I have never eaten broccoli rabe, and have never seen it in my local grocery stores. I understand the taste is similar to broccoli with a more bitter taste. I als0 understand it is very expensive. I made a more budget-friendly version by using regular broccoli with some Balsamic vinegar to give it some tang.

For this recipe I also substituted toasted walnuts for the pine nuts to save money and discovered that broccoli and walnuts are a fabulous flavor combination. As Chef Batali would say: “Perfecto!”


Total time 10 minutes. Makes about 4 cups of pesto.

1/2 pound broccoli rabe (or immature broccoli stalks)
2 cloves garlic, pressed
1/2 cup pine nuts (or toasted diced walnuts)
2 tablespoons diced Italian parsley
2 tablespoons Balsamic vinegar
3/4 cup extra virgin olive oil, or more as needed
Salt and pepper to taste

Roughly chop broccoli rabe and then boil in salted water for 5 minutes.
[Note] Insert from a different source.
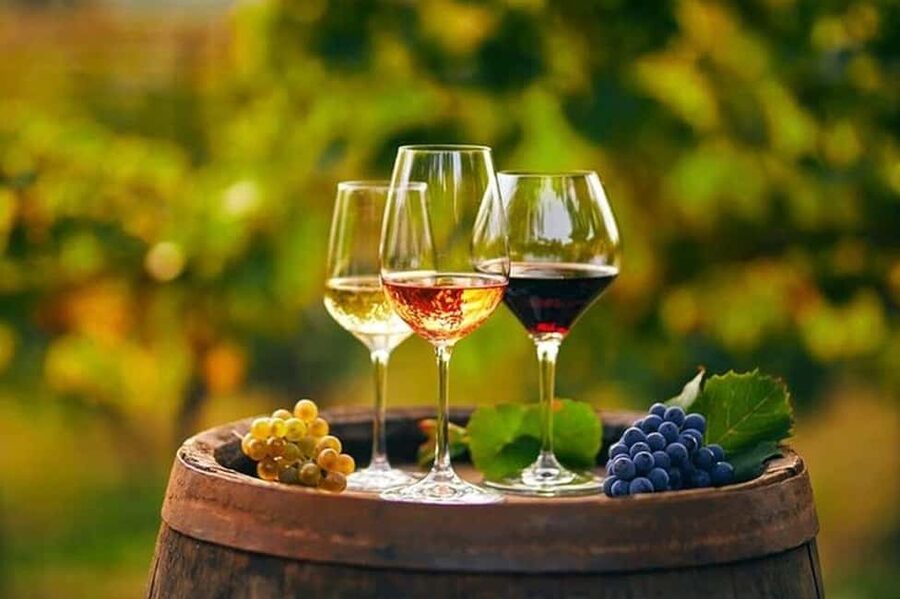 From Chania: Olive Oil, Wine, Cheese & Honey Tasting Tour - A 7-Hour Taste Circuit Out of Chania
Place in food processor with all remaining ingredients except oil and process until in very small pieces. Slowly stream in oil  until pesto reaches the right consistency. Makes about 4 cups of pesto.

Other must-try adventurous pestos by food bloggers:
Asparagus Pesto, Simply Recipes
Ramp Pesto, No Recipes
Pistachio Asparagus Pesto, Serious Eats
Sun Dried Tomato Pesto, Kalyn’s Kitchen
Roasted Pepper Pesto, The Perfect Pantry
Walnut Pesto
, Smitten Kitchen

— posted by Donna


  1. Cozy Cuisine says

    I just made the pesto recipe. I subbed the balsamic vinegar with lemon juice and grated lemon peel. I did add parmesan cheese and fresh basil from my potted herb garden on my balcony. I was really looking for a different way to enjoy broccoli. Didn’t want to make another soup or salad out of it so this was a great alternative. Thanks a bunch!

  2. says

    I wanted to thank you for this special read on Meatless Mondays. I definitely savored every little bit of it and I have you bookmarked to check out new stuff you post.

  3. says

    I think it also goes by “rapini”. Maybe they have it under that name? And it’s pretty leafy – check with the kale and collards and chard and such?

  4. says

    Thanks for all the input on broccoli and its cousins! I will try to locate some of the more bitter variety and make this recipe again.

  5. says

    This looks great! One note on what the produce guy told you. Broccolini is immature broccoli, but broccoli rabe is something different. It has a very bitter (but delicious) flavor and is actually a closer relative to turnips than to broccoli!! That said, I have also had luck subbing broccoli for broccoli rabe when I couldn’t find any. Yummy green vegetables are good no matter what!

  6. eric says

    Hmm, quite sure that immature broccoli is not the same as Broccoli Rabe. Broccoli rabe has a distinct bitterness (and flavor) that you are simply not going to get by buying “immature” broccoli.

  7. Emily says

    Sorry to say this, but your produce manager is wrong. Broccoli rabe is *not* just baby broccoli — having grown both, as a gardener, they have totally different growth habits and more importantly totally different tastes — “baby broccoli” is not even close to as bitter as true broccoli rabe is.